In this lecture we defined the fundamental group. It is perhaps now appropriate to say a few words about the history of algebraic topology, since it basically started with the discovery of the fundamental group.

Some history:

Algebraic Topology began life as a subject with a paper by Henri Poincaré in 1895 called Analysis Situs. In this paper he single-handedly invented both the fundamental group and homology, and introduced a new way of thinking: that topological problems could be solved via algebraic invariants.

Poincaré did not define $\pi_1$ as a functor from $\mathsf{Top}$ to $\mathsf{Groups}$ ! In fact, it took another fifty years after Poincaré until category theory was even invented!

Whilst Analysis Situs was a wonderful piece of work, it was sadly full of errors. Ultimately Poincaré wrote five “supplements” to Analysis Situs that successively rectified some of the problems.

Poincaré recognised that his work left many open problems, including for instance the invariance of domain problem—that $\mathbb{R}^n$ is not homeomorphic to $\mathbb{R}^m$ for $n \ne m$. This was proved by Brouwer in 1911. However perhaps the greatest problem Poincaré left open was the one he originally thought trivial.

Later on in the course we will prove that $\pi_1(S^n)$ is trivial for all $n \ge 2$. Poincaré knew this too, and to begin with—in Analysis Situs—he thought it was “obvious” that the converse was also true: if $M$ is a closed simply connected manifold with trivial fundamental group then $M$ is homeomorphic to a sphere.

Fast forward to Supplement #2, and Poincaré realised this was false. So he came up with a new statement: if $M$ is a closed manifold with trivial homology then $M$ is homeomorphic to a sphere. Unfortunately this was also false (there exist so-called homology spheres—manifolds that have the same homology as a sphere but are not homeomorphic to spheres).

By the time he got to Supplement #5, he hit upon a better conjecture: if $M$ is a closed three-dimensional manifold with trivial fundamental group then $M$ is homeomorphic to the sphere $S^3$. He remarked that he would not investigate this conjecture since it would “carry him too far away”.

This conjecture remained unsolved for over a hundred years. It became known as the Poincaré Conjecture, and was one of the seven Clay Millennium Mathematical Prizes. It was finally solved by Grigori Perelman in 2003.

Analysis Situs, along with its five supplements, was translated into English by John Stillwell in 2009. You can read it online here.

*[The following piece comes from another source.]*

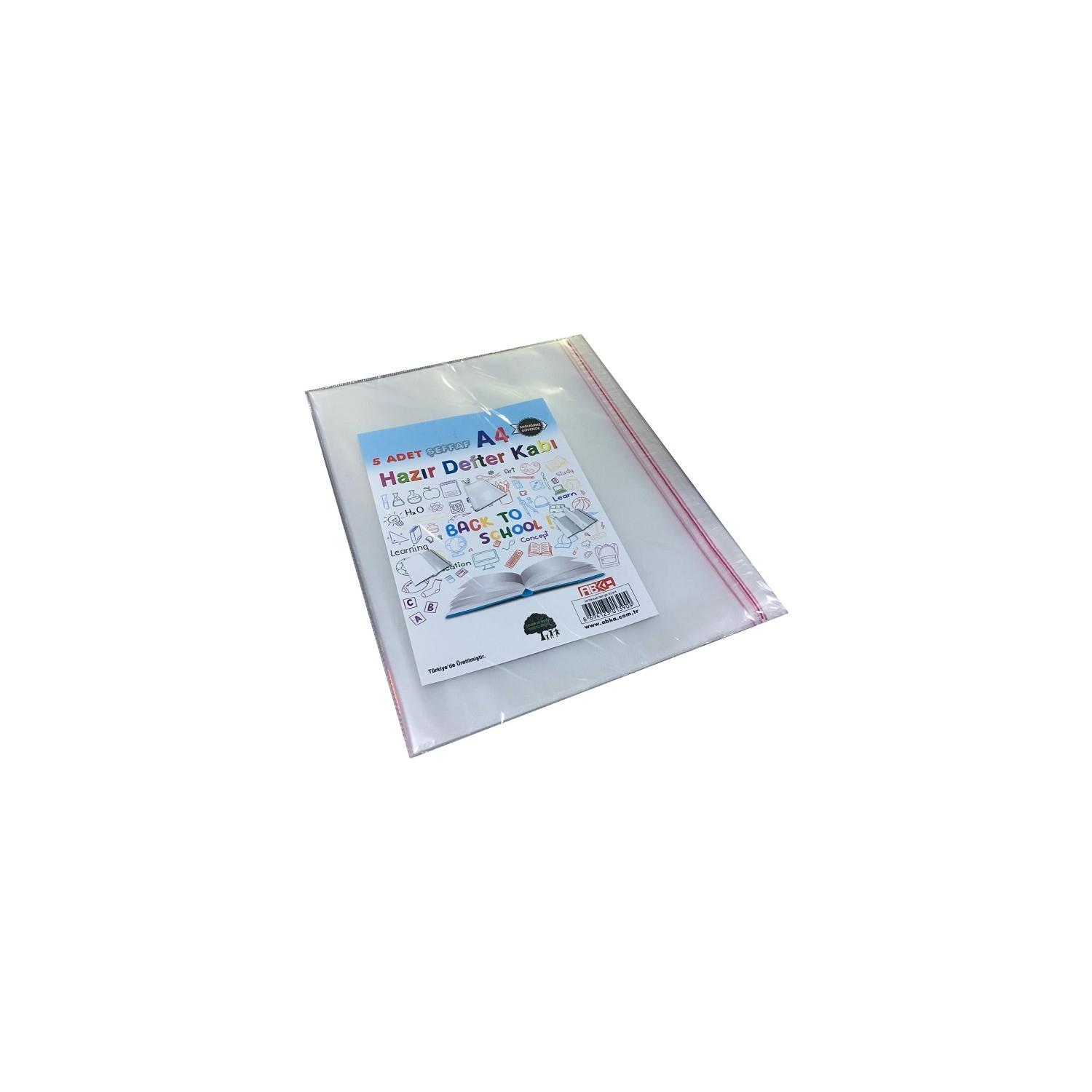 Abka Hazır Kaplık Defter Kabı A4 Şeffaf 5 Li Defter Kabı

Finally: Last year I taught a course on Dynamical Systems. Throughout the year I (repeatedly) mentioned that Dynamical Systems was essentially created by Poincaré during his work on the three-body problem in the 1880-1890s. So Poincaré created not just one but two new fields of geometry! (In fact, Poincaré was pretty much an expert in all areas of mathematics that existed during his lifetime.)